I don't do it that way. They can work on the principles in one-step forever. I move them to flow and randori based on their abilities and confidence level. Animals learn through play and the first exposure to randori should be fun and slightly overwhelming but shouldn't make them feel terrified and helpless.

The last, critical piece to self-defense is to occasionally run good scenario training. That allows them to use their skills in tandem with their judgment. And use more force, because of the armor. That said, scenario training is very hard to do well and safely and easy to do poorly. And poor scenario training can mess up students, physically, tactically and emotionally. It is better to stay away from the completely than to do them poorly. Last CCA for this post: I'll be running scenario training (and other things) in Rhode Island next month. Information is here:  http://chirontraining.com/Site/Sept_in_New_England.html

So, Jim, not a single technique anywhere in that progression.

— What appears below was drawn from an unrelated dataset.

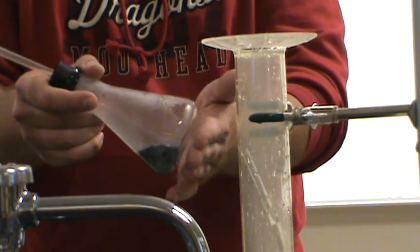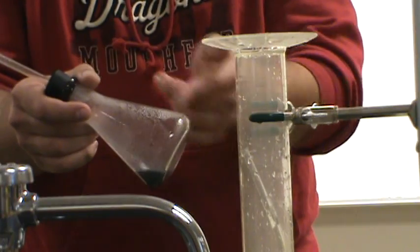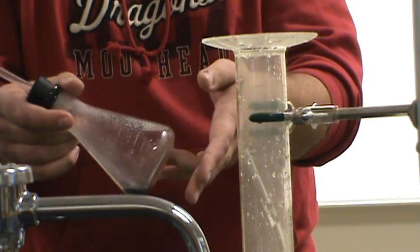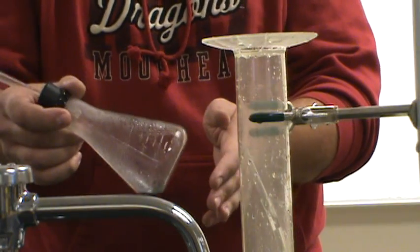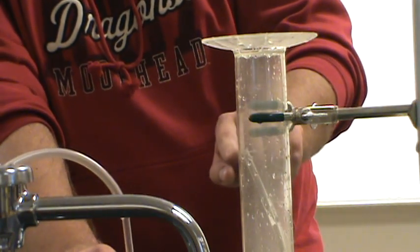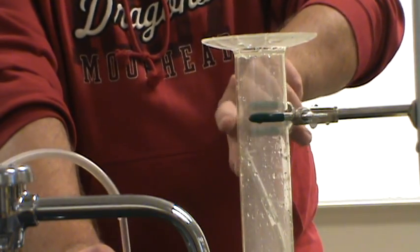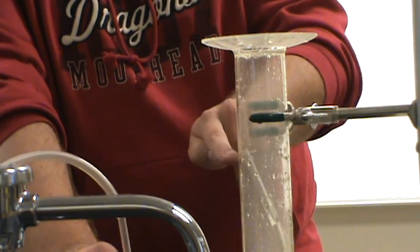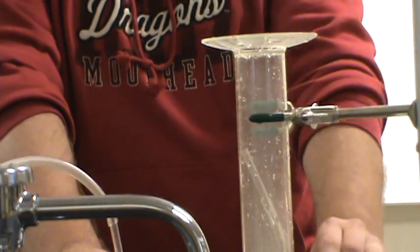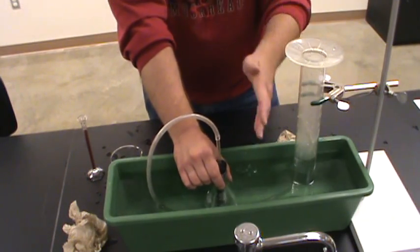One thing you'll also notice is this flask is starting to get kind of warm. This reaction generates heat as well as gas. But to measure the volume of a gas, I need it at a relatively constant temperature, so I'm going to use the temperature of the water in my trough as a temperature bath. Let me dunk this in the trough to cool it down while the reaction continues. It's very important that the tip of your gas collection tube is above the level of liquid in here, because as this gas cools down it'll contract, and if that gas tube is under water, it's going to suck water in. Right now it's just sucking extra gas in as the temperature equalizes.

There are some caveats, though:
1) Done properly, it allows and encourages creativity. Which means your students will innovate some sneaky shit and beat you far sooner than if they train in techniques. This is not a good method for egotistical instructors.
2) It can be hard to measure and test. Using this platform for jointlocks, we've gotten untrained officers improvising locks under pressure in an hour. And some of those locks would seem to be advanced. But they wouldn't have been able to name a lock or to demo a specific lock. Which makes organizations and concrete thinkers get the twitches.
3) It's incompatible with most martial arts business models. The student/teacher relationship will shift to colleague/colleague very quickly. I like that, personally.